Mit Leerverkäufen versuchen Investoren, über einen kleinen Umweg von fallenden Kursen zu profitieren. Dazu leihen sie sich für einen gewissen Zeitraum gegen Gebühr Wertpapiere, etwa Aktien, und verkaufen sie an der Börse. Fällt der Preis des jeweiligen Papiers daraufhin tatsächlich, können diese günstiger wieder eingekauft und dem Verleiher zum vereinbarten Termin zurückgeben werden. Die Differenz kassiert der Investor, je stärker der Kursrutsch, umso höher der Gewinn. Steigt der Kurs dagegen in der Zwischenzeit, ist die Wette verloren, der Rückkauf kostet mehr, als der Verkauf eingebracht hat.

Das Risiko deutlich steigender Kurse halten die beteiligten Hedgefonds im Fall der Deutschen Bank aber offenbar für nicht allzu groß. Jedenfalls kommt das Frankfurter Geldhaus seit Wochen nicht zur Ruhe. Erst wurde Christian Sewing im April ziemlich holprig als Nachfolger von John Cryan auf dem Chefsessel der Bank installiert, kurz darauf wurde eine peinliche Fehlüberweisung von 28 Milliarden Euro in Folge einer IT-Panne bekannt, außerdem sollen Tausende weitere Jobs gestrichen werden und die Bank fiel im Stresstest der US-Notenbank Fed durch. Zudem könnte sie schon bald aus dem prestigeträchtigen Euro-Stoxx-50-Index absteigen, der 50 große börsennotierte Konzerne der Eurozone versammelt. Und der Aktienkurs?
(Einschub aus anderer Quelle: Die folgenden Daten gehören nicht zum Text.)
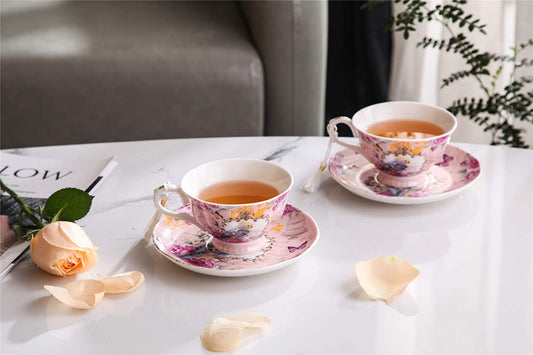 London Boutique Coffee Tea cup and Saucer set 2 Vintage Retro Rose porcelain set Gift Box (Vintage Summer)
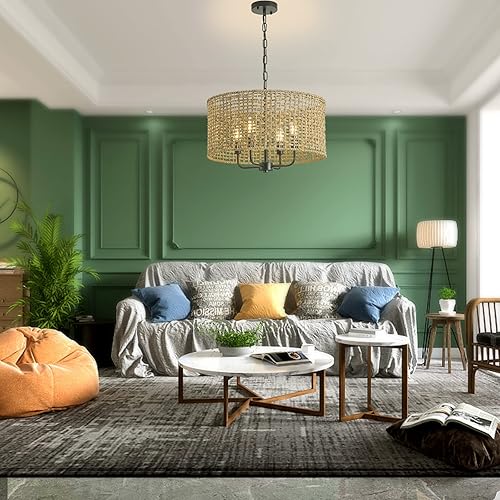 Miniatura 2 de Candelabros de mimbre de ratán para comedor, 4 luces, estilo bohemio, tejido a mano, para entrada, sala de estar, cocina, escalera, dormitorio,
Fällt und fällt (siehe Grafik). Angesichts der Schwierigkeiten holte sich Sewing zuletzt sogar die Berater des eigenen Großaktionärs Cerberus als Unterstützung für die Sanierung ins Haus. Die gelten nicht gerade als zimperlich, wenn es um schmerzhafte Einschnitte geht. Und ganz nebenbei darf Cerberus für die Dauer des Mandats selbst nicht mit Aktien der Deutschen Bank handeln. Zumindest von dieser Seite herrscht bis auf Weiteres also Ruhe.